Seek confidentiality agreements before briefing potential backers, and ensure employee contracts include confidentiality and non-disclosure clauses.




The look of a product can also give it a competitive edge and if the shape or appearance is new and distinctive, the design can be registered with IP Australia.

Design registration secures exclusive rights for up to five years, with an option to renew for a further five years, but although the application fees are not especially high, the fees for engaging specialists to expedite the process could mount up over what can be a lengthy process.

The same pre-registration disclosure constraints exist for designs as for patents, so as always it’s advisable to register as early as possible.

Registering a patent or design is just the first step in commercialising a new product or service, and once it’s under way businesses should quickly turn their attention to protecting its identity in the market place. “Timing is crucial,” Cooper says. “Get your patent in place, work out your branding as soon as possible then register your trademark.”




Trademarks distinguish the products or services of one business from another. Registering a unique brand identifier, whether it’s a logo, word, phrase, shape or even a colour, gives exclusive rights to its use in marketing those products or services.

“Trademarks are the piece of intellectual property that never dies,” Cooper says. “They can go on indefinitely.” A registered trademark can be crucial in protecting the brand identity of new products, as well as when a design registration has expired and the design has evolved to become synonymous with the product. The Coca-Cola “contour bottle” shape is a classic example of this and sits alongside the Coca-Cola logo in its portfolio of registered trademarks.


Trademark registration attracts an application fee and initial registration is for 10 years, but can be renewed every 10 years for a further fee. However, trademark applications can be time-consuming if, for example, the registrant has to respond to a Notice of Opposition filed by another business claiming to have registered a similar trademark for the same class of products or services. That said, IP Australia offers a useful service that allows a pre-application check for this kind of barrier to a successful application.

If a trademark is in use but unregistered, it is possible to protect it by recourse to either a claim of “passing off” or a claim for misleading or deceptive conduct under section 18 of the Australian Consumer Law (formerly section 52 of the Trade Practices Act 1974). However, passing off can be hard to prove. “It’s much easier to pursue an action for trademark infringement, but you must have a registered trademark to do this,” says Donna Short, partner and practice leader for IP at law firm Henry Davis York.
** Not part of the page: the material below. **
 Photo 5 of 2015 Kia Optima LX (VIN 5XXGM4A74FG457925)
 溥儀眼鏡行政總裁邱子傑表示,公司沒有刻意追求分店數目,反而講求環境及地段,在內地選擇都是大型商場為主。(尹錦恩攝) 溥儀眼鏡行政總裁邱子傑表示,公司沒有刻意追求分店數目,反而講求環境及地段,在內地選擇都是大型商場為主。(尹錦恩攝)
Businesses should ensure they have been assigned ownership of any copyright works for any artistic devices or logos used in branding or packaging before applying for a trademark for the device or logo, she says.




Copyright arises automatically at the point of creation for unique artistic, musical and literary works under the Copyright Act 1968. Although registration is not required, the work has to be documented to be protected.

“Copyright has to be expressed in material form,” Short says. “You can’t actually protect the idea.”

Protecting against copyright infringement can mean legal action and since copyright generally lasts for 70 years after the death of the author, it will often be done on their behalf.

But in many cases infringement of any type of IP can be managed without recourse to litigation by simply sending a letter of demand, says Short. “The IP statutes are all federal pieces of legislation so protection is nationwide,” she explains.

Protecting IP overseas generally means registering according to the laws of individual countries or applying via one of the international agreements such as the Patent Cooperation Treaty. Regardless of jurisdiction, a review of IP protection should be part of the audit process in any business, Short says.

“They are assets – and in some companies, they are worth more than tangible assets.”